I knew my great-great-grandfather, Clifford, was the captain of a Chinese tea clipper and a Civil War blockade runner, so either option was a possibiliy. Last week I finally got a chance to check my grandparents' teeth and, as it turns out, my paternal grandfather's grandmother was related to one of the followers of Sitting Bull.
Now this is cool.
Conveniently enough, it's also Native American month over at Multiculturalism for Steampunk, which is probably part of what got me thinking more deeply about it.
You see, it's also a little startling because I've never thought of myself as having any Native American blood -- and also because I've read Boas and Sapir and Whorf and to ascribe excessive significance to an ethnicity goes against everything I've been taught for four years at university.
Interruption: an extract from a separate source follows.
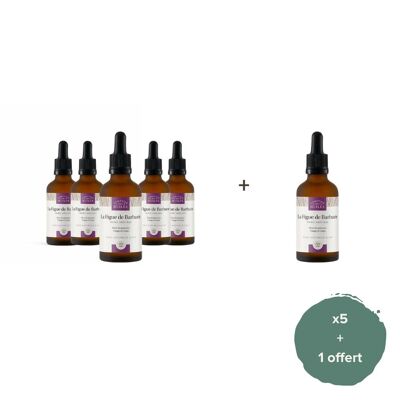 Set of 5 + 1 free - ORGANIC Prickly Pear Seed Oil - 30ml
Further ponderings after the jump.
Purty! But rather weird. I normally don't go that asymmetrical, largely because M doesn't like it. I'm actually going to switch out the bead for a button that pulls the nice brassy yellow over to that side of the necklace. Great customer, by the way; when I asked if she wanted any specific colors she said brownish metallics with possibly some rust, mustard or maybe green. That is an awesome way to commission a piece. Tells me exactly what sort of corroded metal tone is being asked for, there are just SO many shades of it, but here I knew what she had in mind ... Hooray! I can't get a photo that shows how cool that jeweled button above the hinge is: it's got this lovely smoky silver depth ...
Now for the contemplation. Last week I got confirmation of something I've suspected for a long time: I have Native American ancestry. Specifically, I'm part Dakota Sioux.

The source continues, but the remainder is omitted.